> **TASK PROMPT**
Reproduce the records that follow exactly; any picture among them stays out.

> **AVAILABLE DATA**
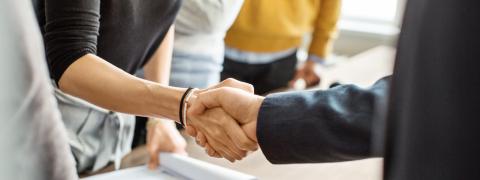 A handshake between a man and a woman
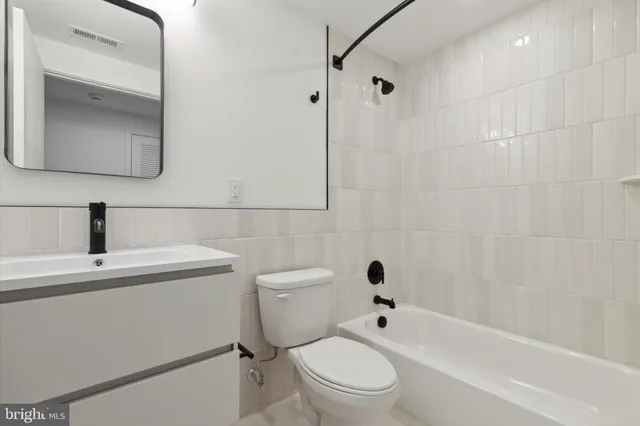 a bathroom with a toilet a sink a mirror and bathtub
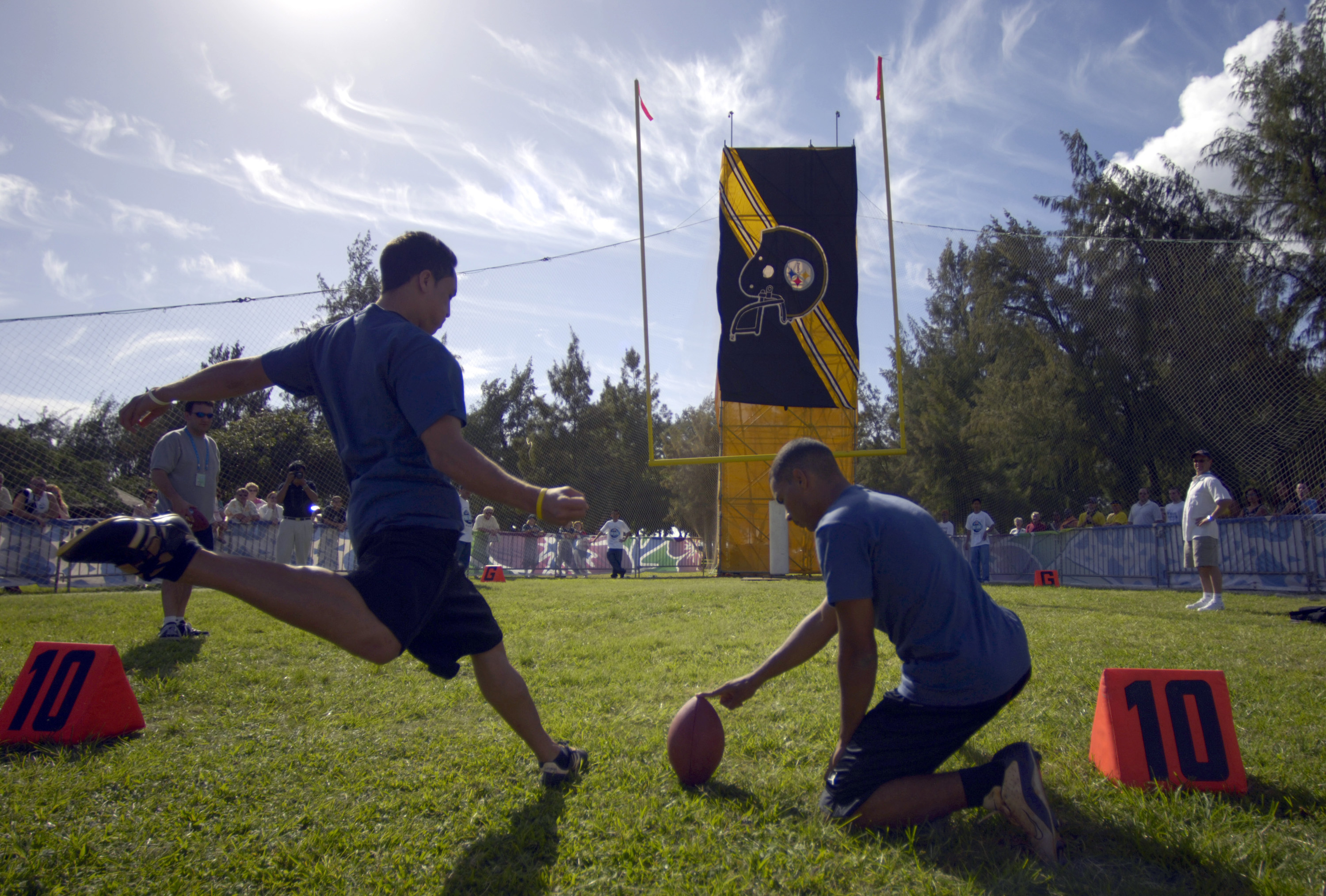 A placekicker lines up a field goal attempt in this file photo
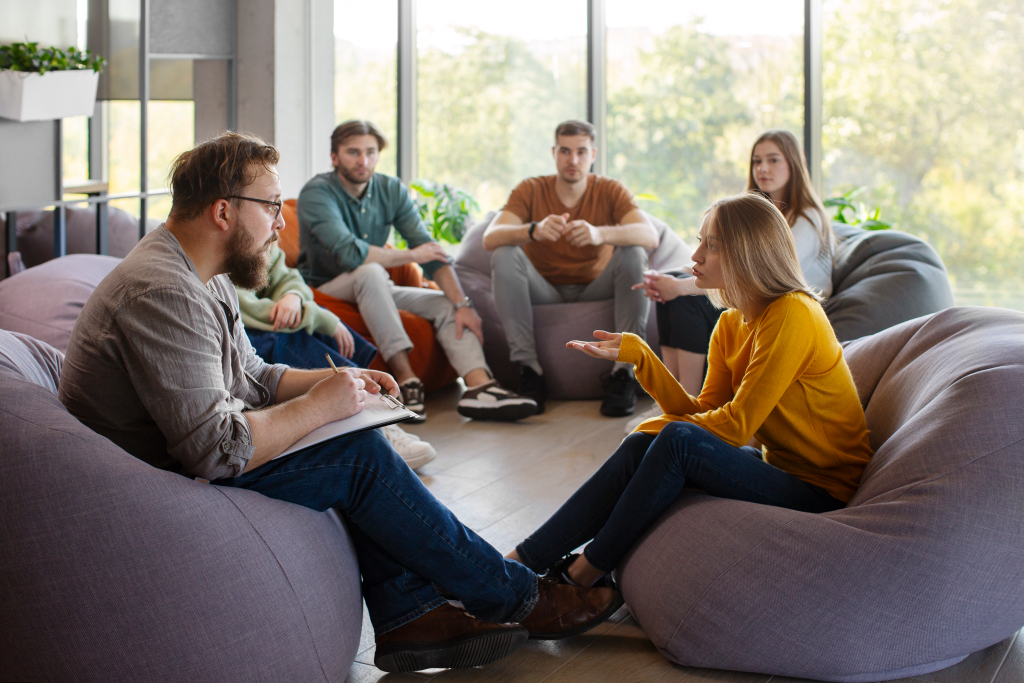 five people sitting down in an office to discuss sale process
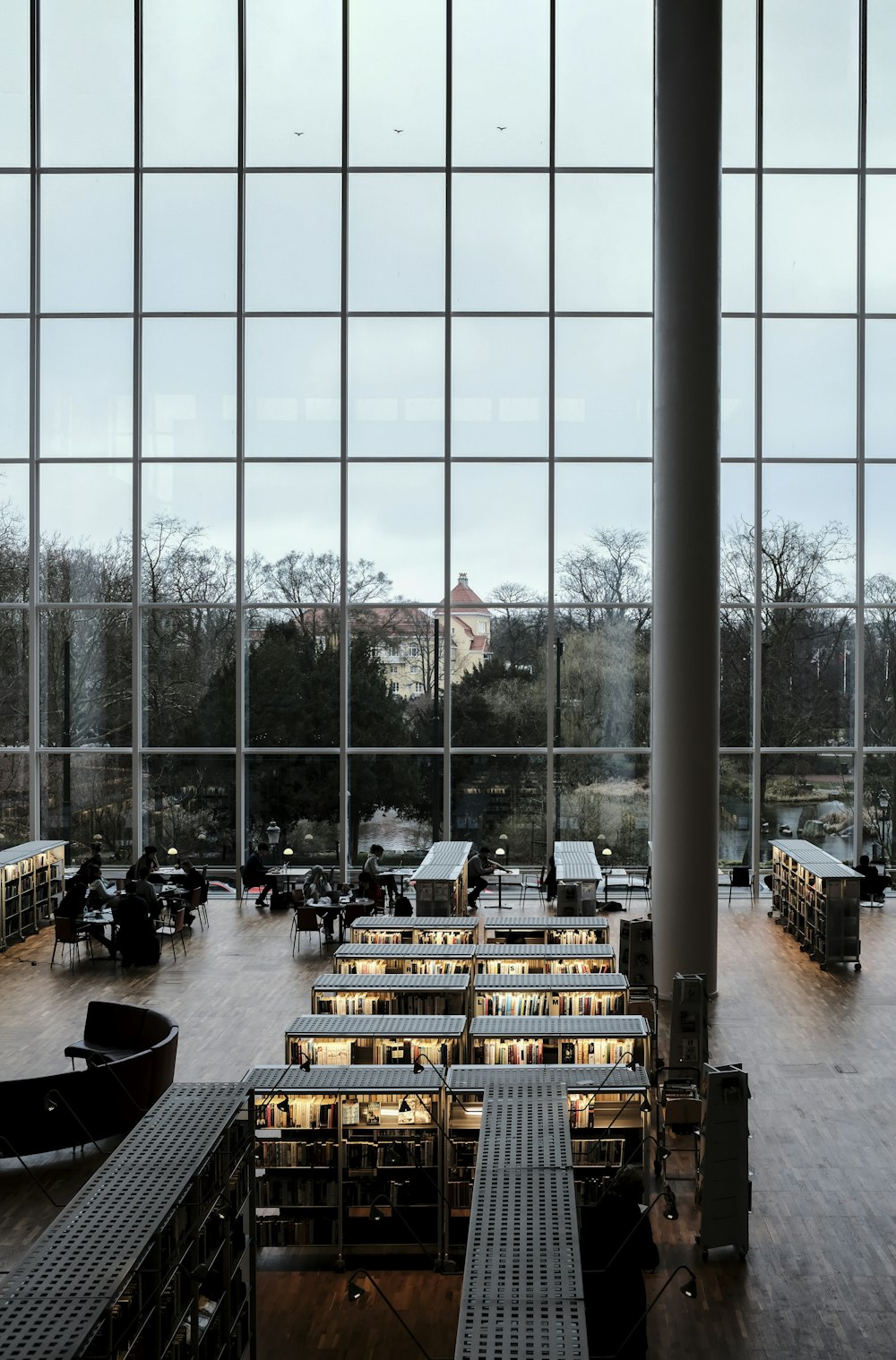 people inside glass building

> **ANSWER SPACE**
 A handshake between a man and a woman
 a bathroom with a toilet a sink a mirror and bathtub
 A placekicker lines up a field goal attempt in this file photo
 five people sitting down in an office to discuss sale process
 people inside glass building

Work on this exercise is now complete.